A few weeks back, I wrote a post about movie pioneer William Selig. If there’s one thing that history has taught me it’s that behind every pioneer is some guy (or gal) that was an integral part of their success. That person often goes unrecognized… and then dies tragically. The invisible man to William Selig’s pioneer was Francis Boggs.
Boggs met Selig while working in theaters in Chicago during the nineteen-aughts. He began writing and directing films for the Selig Polyscope Company in 1907. One really cool thing that he was involved in was the Fairylogue and Radio-Plays: a presentation of L. Frank Baum’s Oz books using live actors, magic lantern slides and film!! Around this time Boggs began to travel to different locations in the U.S. to shoot scenes for his films. He made the trip to California (his home state) a couple of times to shoot films including The Count of Monte Cristo and In the Sultan’s Power (one of the first dramatic films to be shot entirely in Los Angeles).
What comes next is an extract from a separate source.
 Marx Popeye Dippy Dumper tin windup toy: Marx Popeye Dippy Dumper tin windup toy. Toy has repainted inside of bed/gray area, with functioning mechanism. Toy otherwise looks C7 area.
In the fall of 1909, Boggs set up a satellite office in a rented bungalow on Allesandro Street in Edendale (now Glendale Blvd in Echo Park). Soon after, Selig joined him out here and this location became the permanent home of the Selig Polyscope Company, the west coast’s first major motion picture studio.
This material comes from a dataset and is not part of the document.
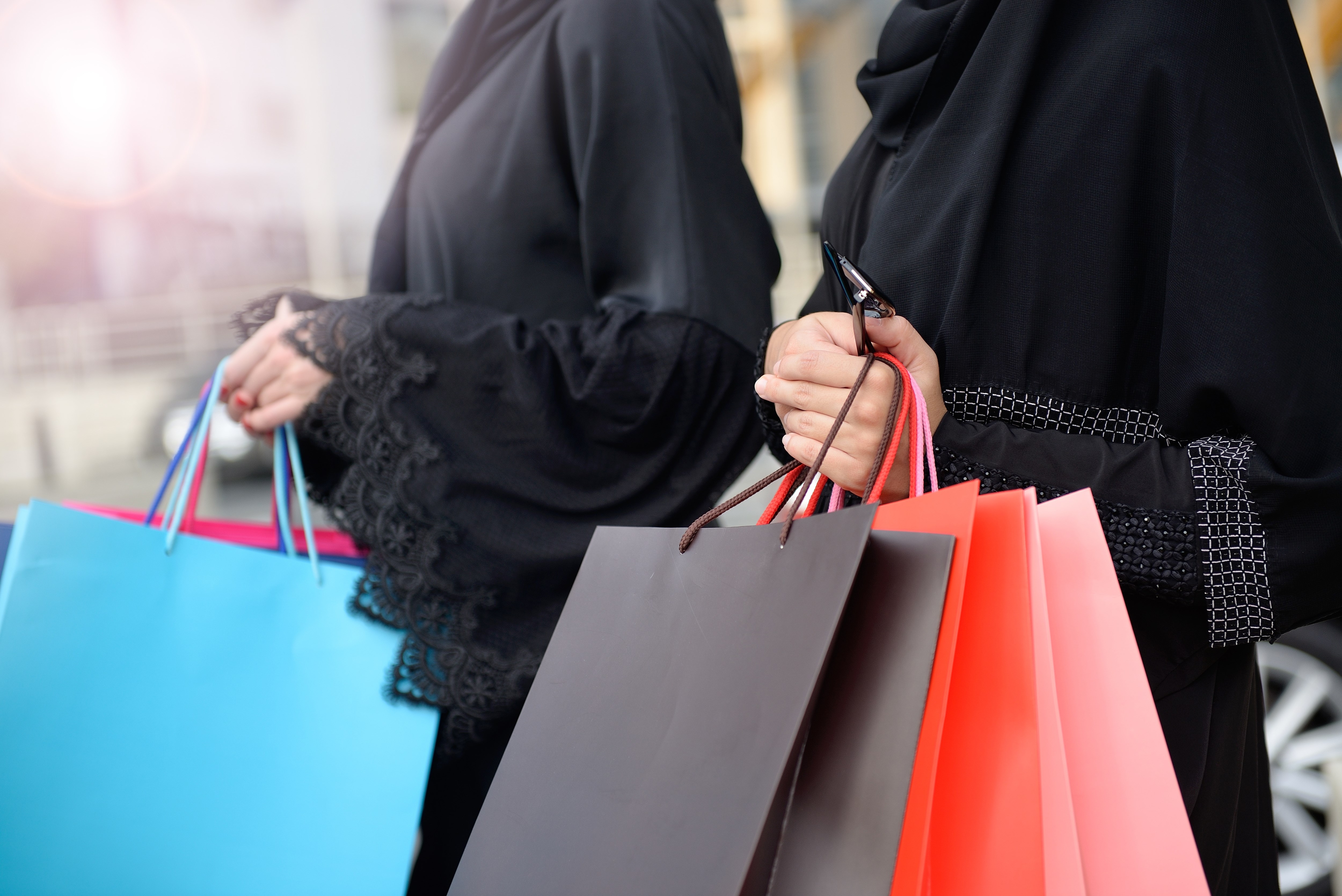 Emarati Arab women coming out of shopping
On October 27, 1911, one of the studio’s janitors, Frank Minematsu, went postal and shot Boggs four times. Selig himself tried to grab the gun away from Minematsu and was shot in the arm. Boggs died instantly. He was one of the fathers of Los Angeles’ film industry and created almost 200 short films, but he is remembered mostly for his death. It was one of the first scandals in an industry that was just beginning to take shape.